Originally, Fort Myers was, along with some American Indians, a cowboy town. Cattle were herded down Main Street to the piers that jutted out into the bay, to be boarded onto cattle boats for passage to other waterfront communities in the gulf and elsewhere.
“Everyone carried a gun in those days,” he said. “People often got murdered. Even the sheriff took a bullet every once in a while.”
It was the women of the town, he said, who stepped forward to clean up the place. This was in the 1890s. They were tired of cattle poop dirtying up Main Street. And so they persuaded the men to pass laws forbidding that practice. Eventually, cattle ranching was replaced by crab fishing, tourism and, more recently, the snowbirds. Today even fishing boats are no more.
The captain spoke about the local folks who became real estate developers for the snowbirds’ homes.
He then went on to tell us stories about current-day events. Mostly it was about the hurricanes. Four of them hit the town, one after the other, in 2004. Two more hit in 2005 and Hurricanes Hermine and Irma hit in 2016 and 2017 respectively. Each time, the town rebuilt.
Soon we returned to tie up where we had boarded, at this place called Fishermen’s Village in Punta Gorda. We ate at one of the five restaurants along the pier there. It featured crab legs, crab cakes and fish chowder. All imaginatively served.
There are actually no more fishing boats in Fishermen’s Village. Just tourist boats. But there were dozens of tourist shops amid the restaurants along the pier there. Some called it a tourist trap. Others, including me, thought it was quite pleasant. A thousand or more folks strolled through, shopping and enjoying the experience. The boat cruise was $45 a person, and, as we left the dock, the captain sounded a loud ship’s whistle to let everybody know we were coming through.
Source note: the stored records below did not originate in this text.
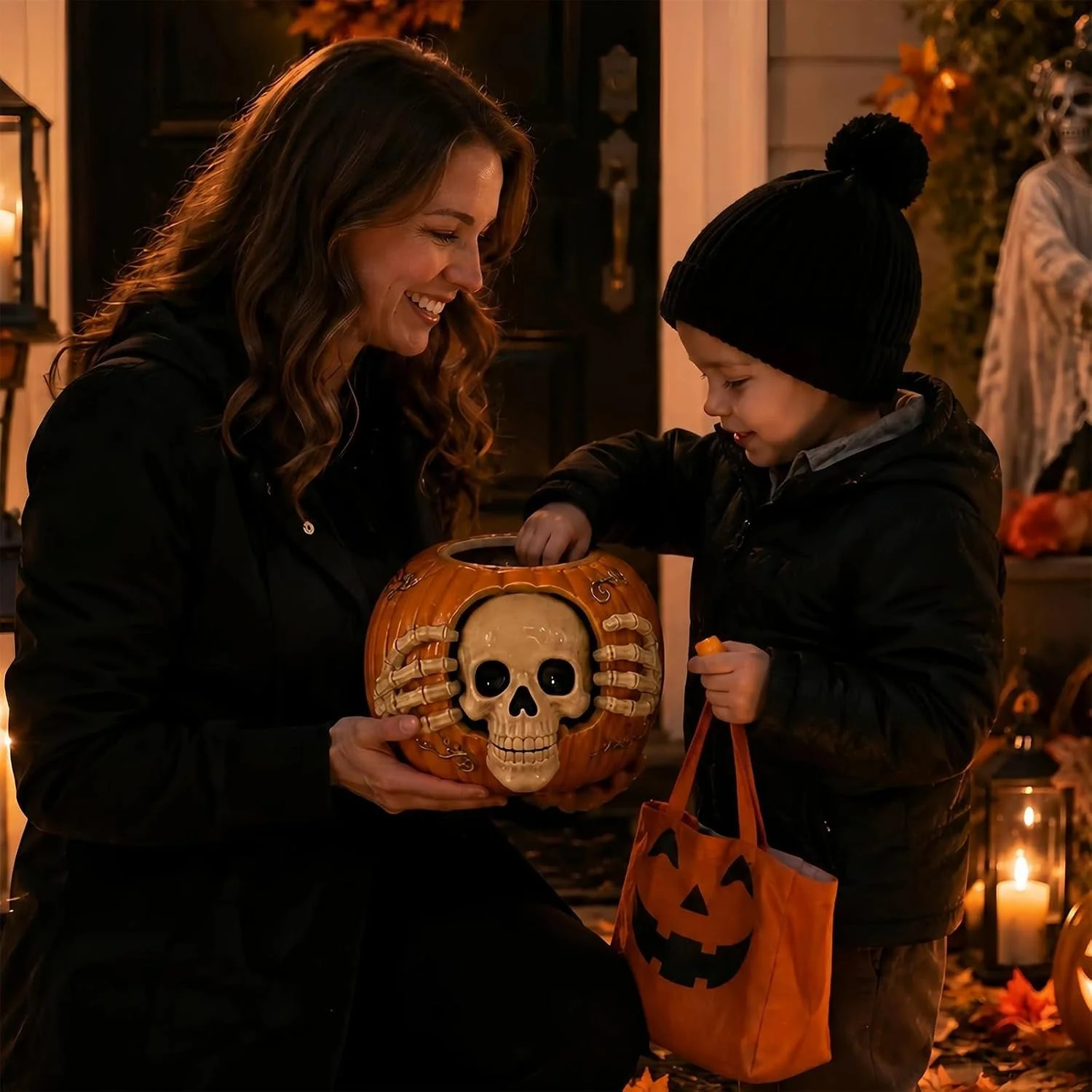Skull and Pumpkin Halloween Candy Jar - Image 8 Skull and Pumpkin Halloween Candy Jar - Image 8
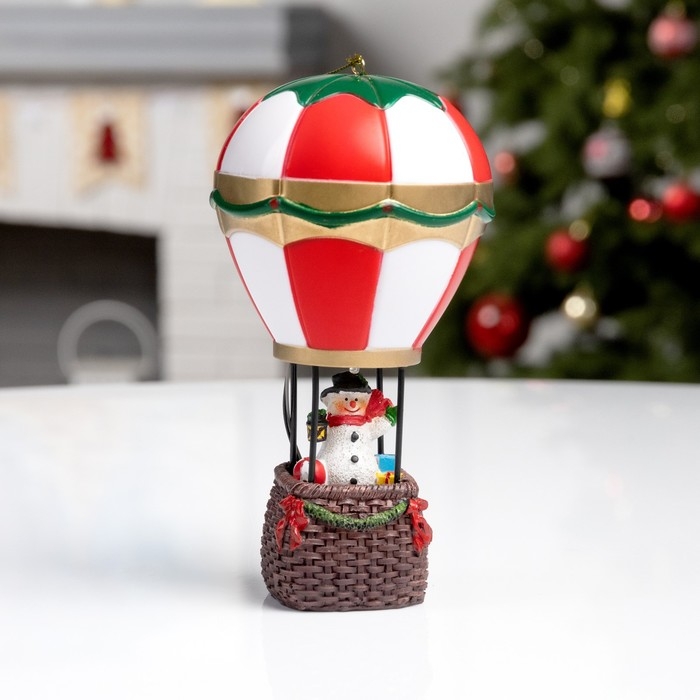 Светодиодная фигура &laquo;Воздушный шар со снеговиком&raquo; 8 &times; 8 &times; 16 см, полистоун, батарейки LR44х2 (в комплекте), свечение тёплое белое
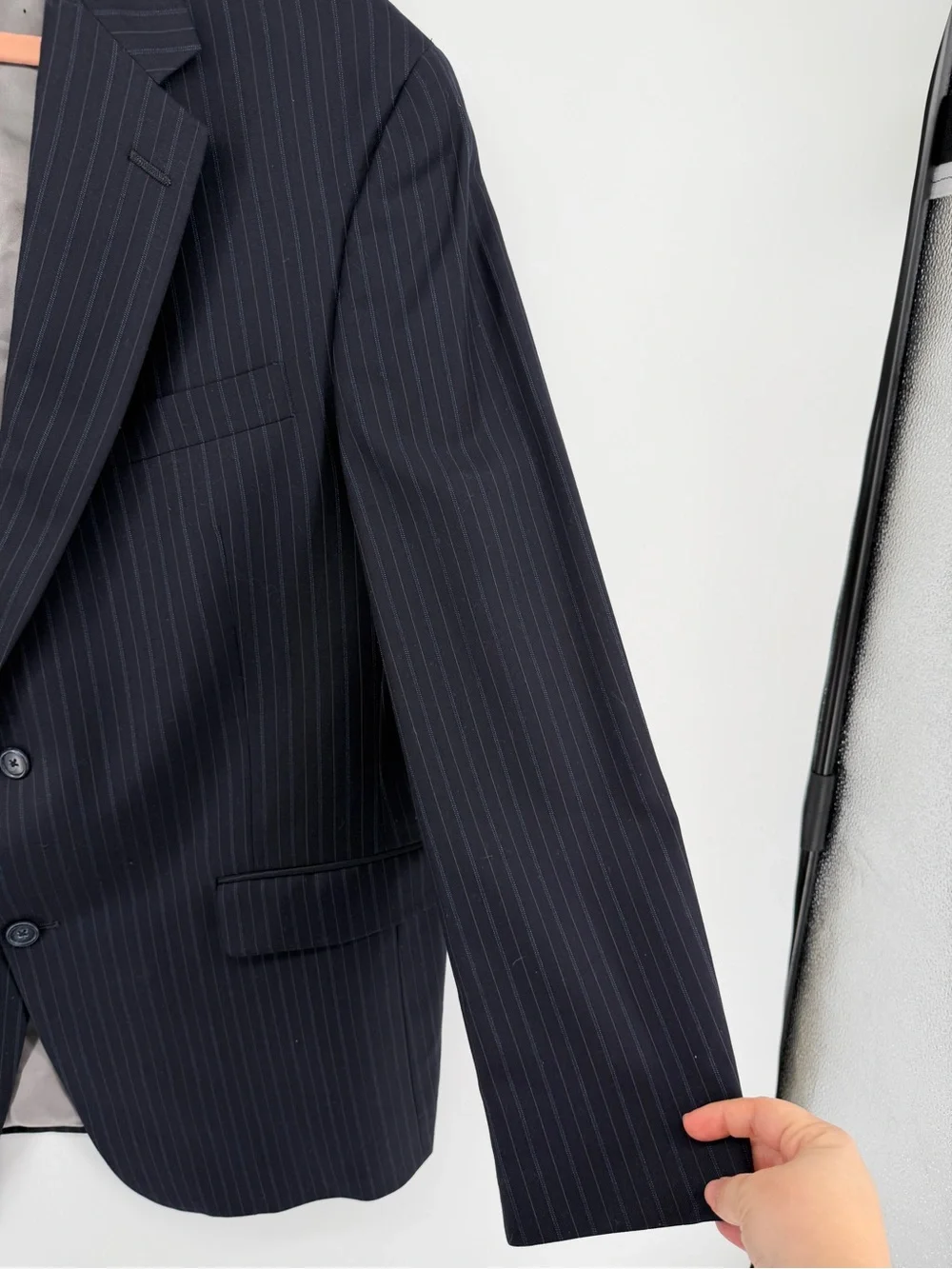 Hart Schaffner Mobstercore Corpcore Goth Marx Navy Pinstripe Sport Coat Sz44R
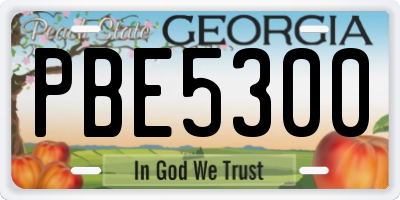 GA license plate PBE5300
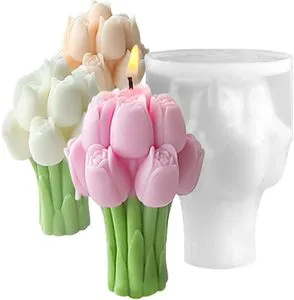 Tulips Candle Mold for Candle Making 3D Silicone Mold for Resin Plaster Polymer Clay Home Decoration Tulip Bouquet Silicone Mold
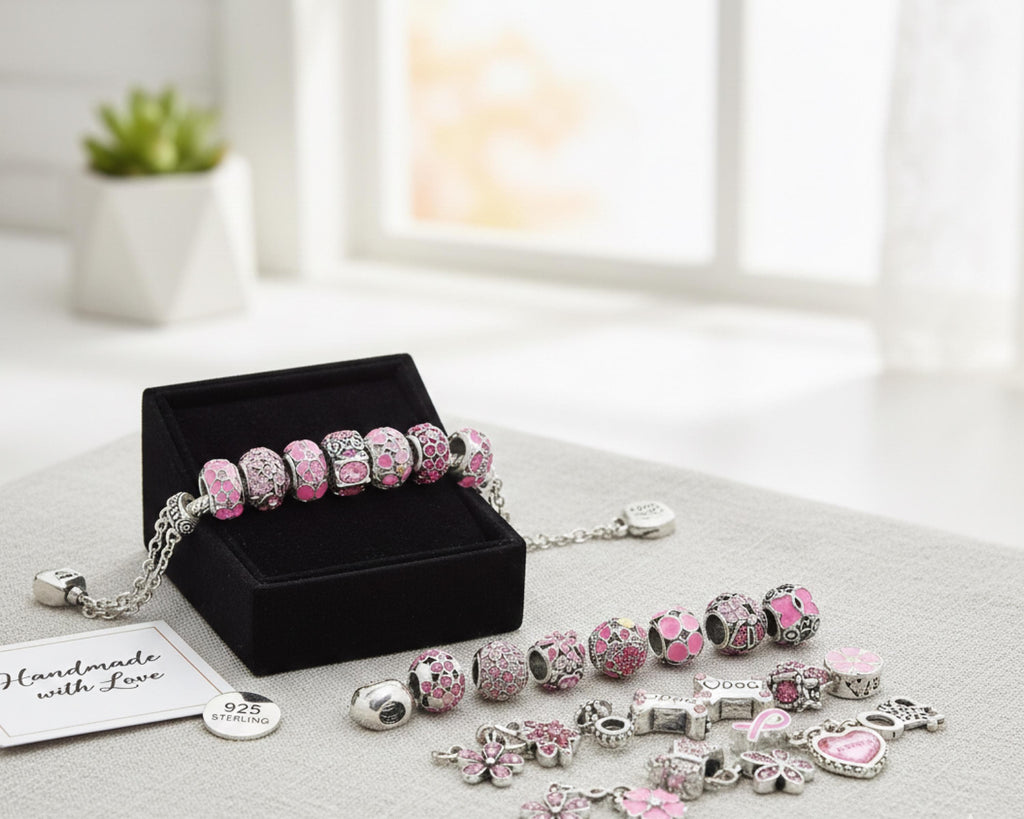 Pink Pandora Style Charms: Silver Beads, Snake Chain Bracelet Gift for her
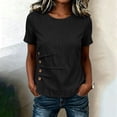thumbnail image 2 of Josdec Women's Cotton Linen Blend Round Neck Short Sleeve Side Button Detail Casual Summer Beach Vacation Top S-XXXL, 2 of 7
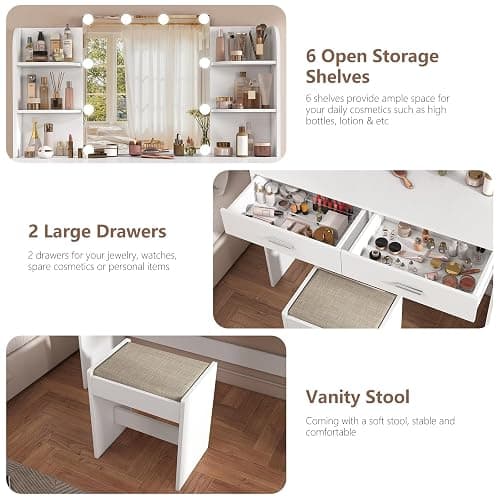 usikey Vanity Desk with Mirror and Lights, Makeup Vanity Set with 2 Drawers and Open Shelves, Makeup Vanity Desk Dressing Table with Cushioned Stool and 10 LED Lights, White thumbnail 6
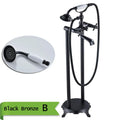 Robinet Baignoire Ìlot Sol Laiton Antique – Double Poignée, Bec Pivotant & Douchette | Style Vintage Salle de Bain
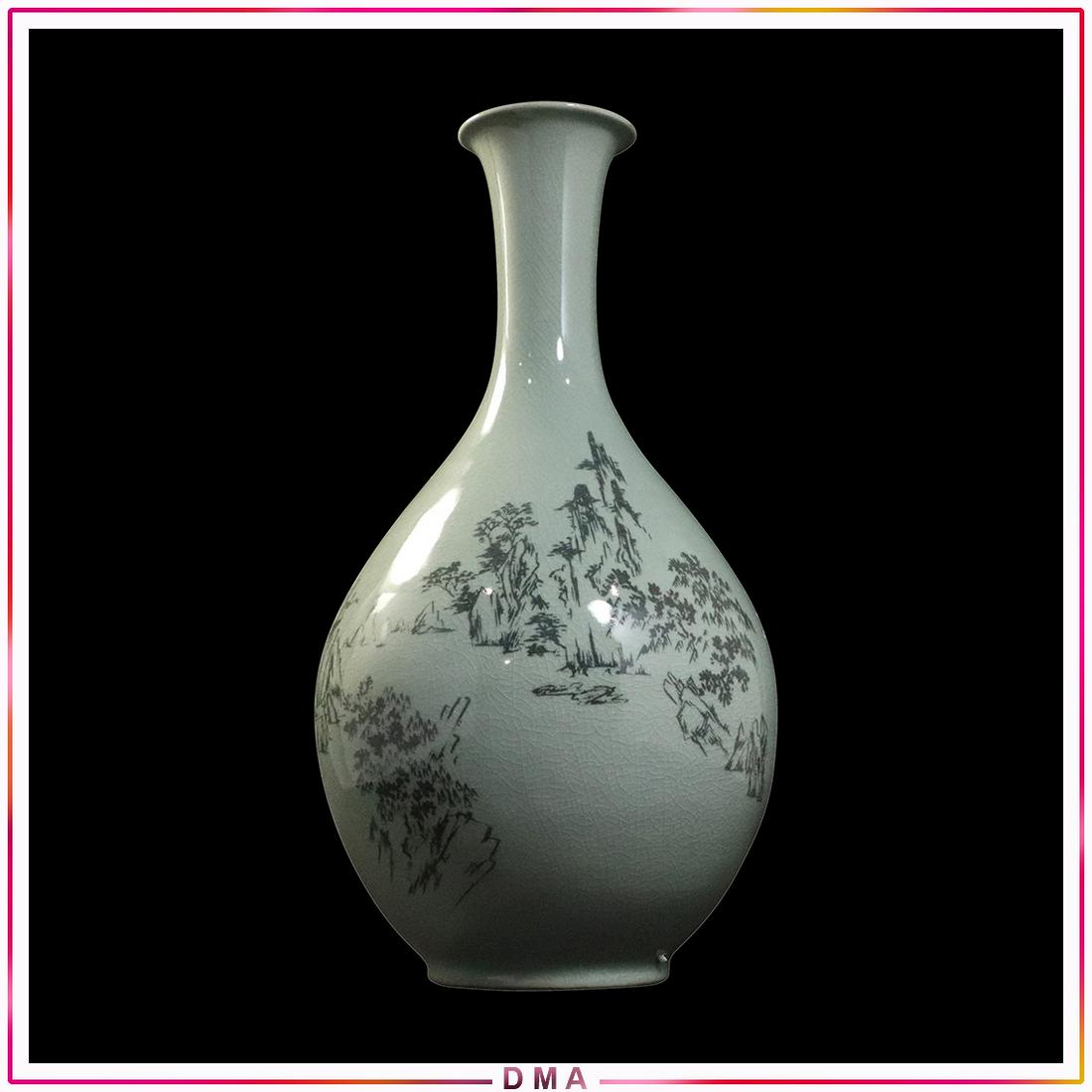 Green Celadon Porcelain Bottle Neck Vase Trees Design (1 of 6)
The trip from Palm Beach by car to Fort Myers was also memorable. Moving along Route 80 from Palm Beach, the first 40 miles heading west were all 21st century suburban malls and shopping centers. After the 40 miles, all that dropped away and we enjoyed more than 100 miles of sugar plantations, cattle ranches, factories and forests. Then, as we approached the gulf and Fort Myers, the suburban malls and shopping centers began again when we were about 10 miles from the coast. Clearly, the eastern shore is older, larger and more developed than the west coast.
All in all, it was pleasant to get away from Palm Beach for a time. We have a housing crisis through much of America. It seemed to me that these little homes I saw in Fort Myers, mostly of prefab construction, would provide a pleasant solution for the great majority of Americans who cannot afford the current real estate prices charged for even the most modest three-bedroom home.
I remember reading about how after World War II, about eight million GIs returned to America all at once from overseas. A national effort ensued with barracks being built everywhere to provide a place for the GIs to live while the country recovered from the war. The problem melted away.
We left Florida from the Fort Myers airport to New York City. Going through security, there was a sign; I’d not seen this anywhere else in Florida, and surely not in Palm Beach. The sign read, “Do not bring your gun aboard the plane.”
They just assumed everyone had one. Fort Myers.